**ABOUT THIS EXERCISE**
What is needed is an exact copy of the lines in the entries below from the one holding "Jumper de plus cu sunete Brown Horse" through the one holding "anker-powerport-atom-iii-slim-65w-4-port-gan-ladeger-t image 3", pictures excluded.

**DATA EXCERPTS**
- Opening Delimiter -

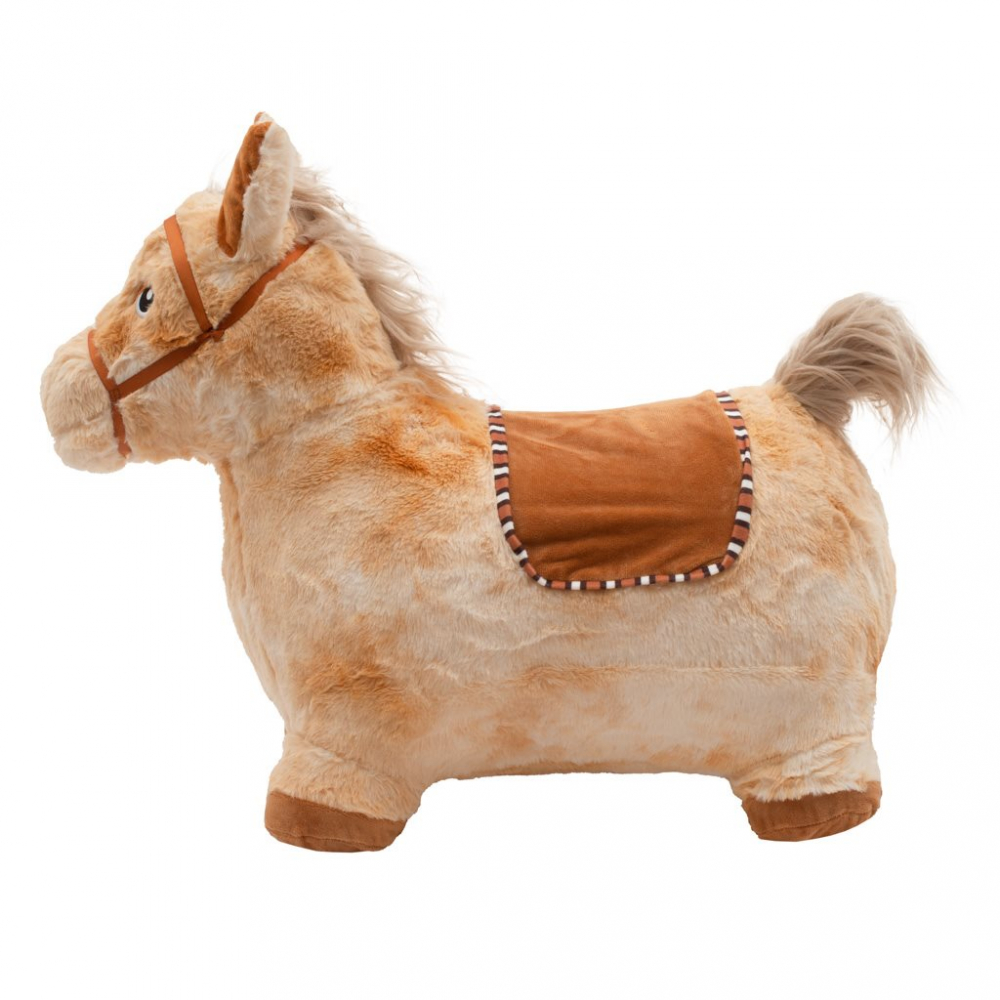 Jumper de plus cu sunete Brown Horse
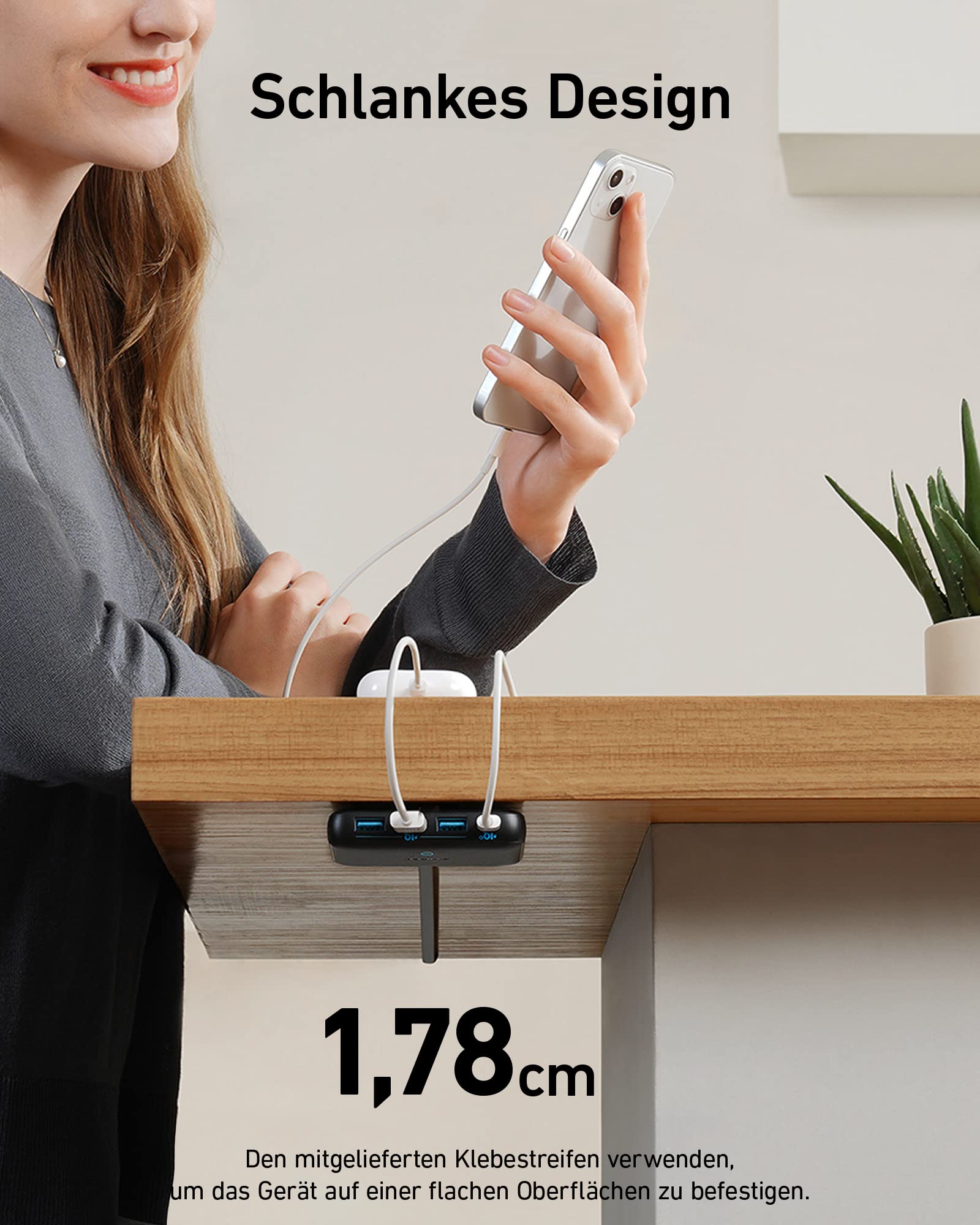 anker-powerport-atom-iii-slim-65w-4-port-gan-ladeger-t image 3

- Closing Delimiter -
- Opening Delimiter -

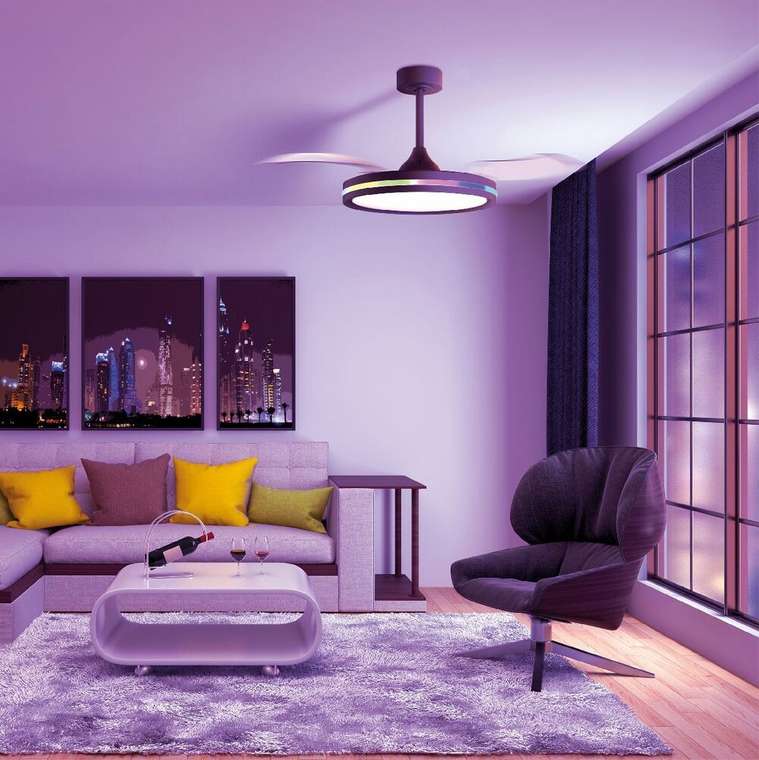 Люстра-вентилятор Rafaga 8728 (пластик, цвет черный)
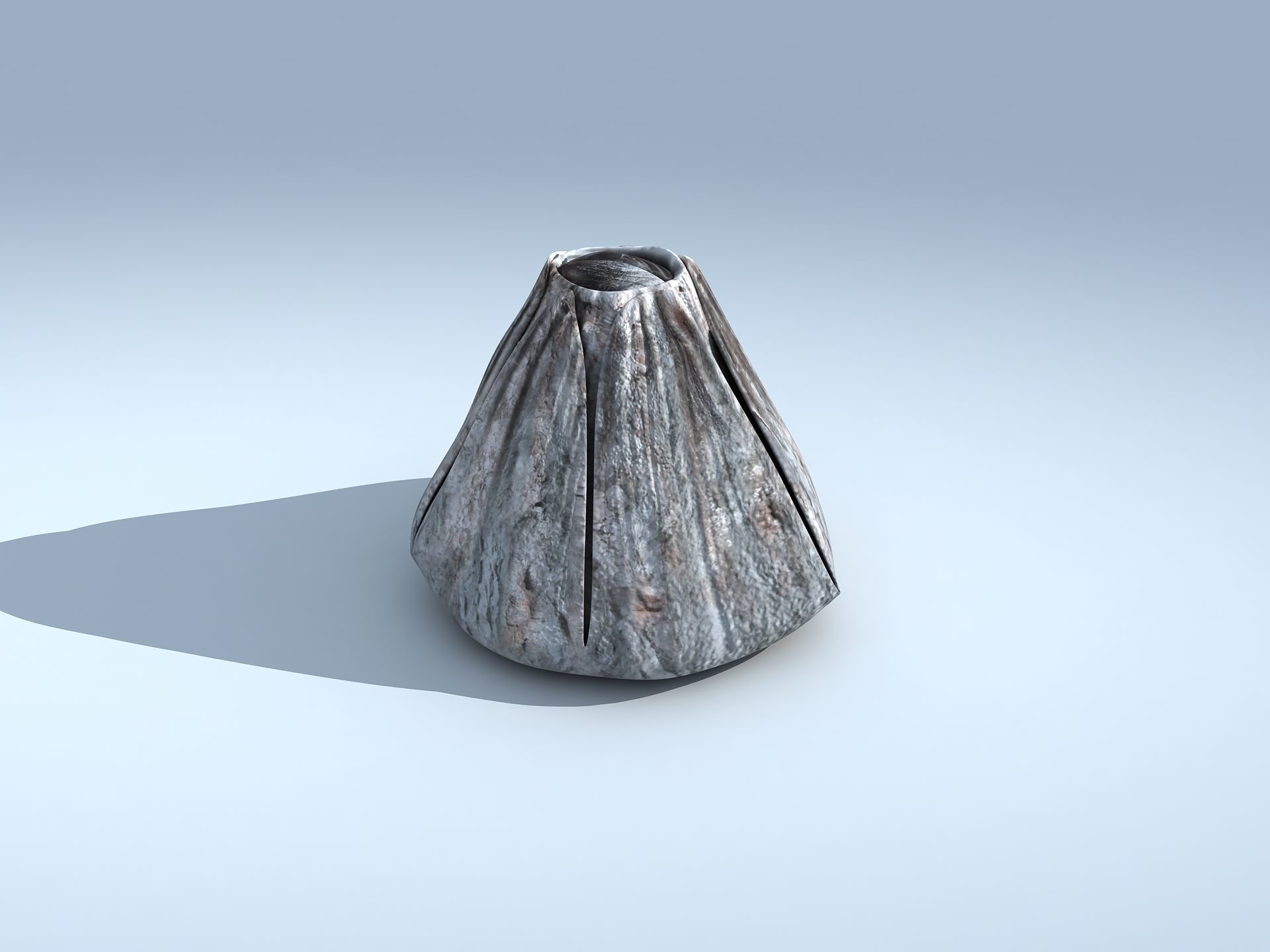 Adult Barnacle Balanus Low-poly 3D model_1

- Closing Delimiter -

**EXERCISE RESPONSE**
 Jumper de plus cu sunete Brown Horse
 anker-powerport-atom-iii-slim-65w-4-port-gan-ladeger-t image 3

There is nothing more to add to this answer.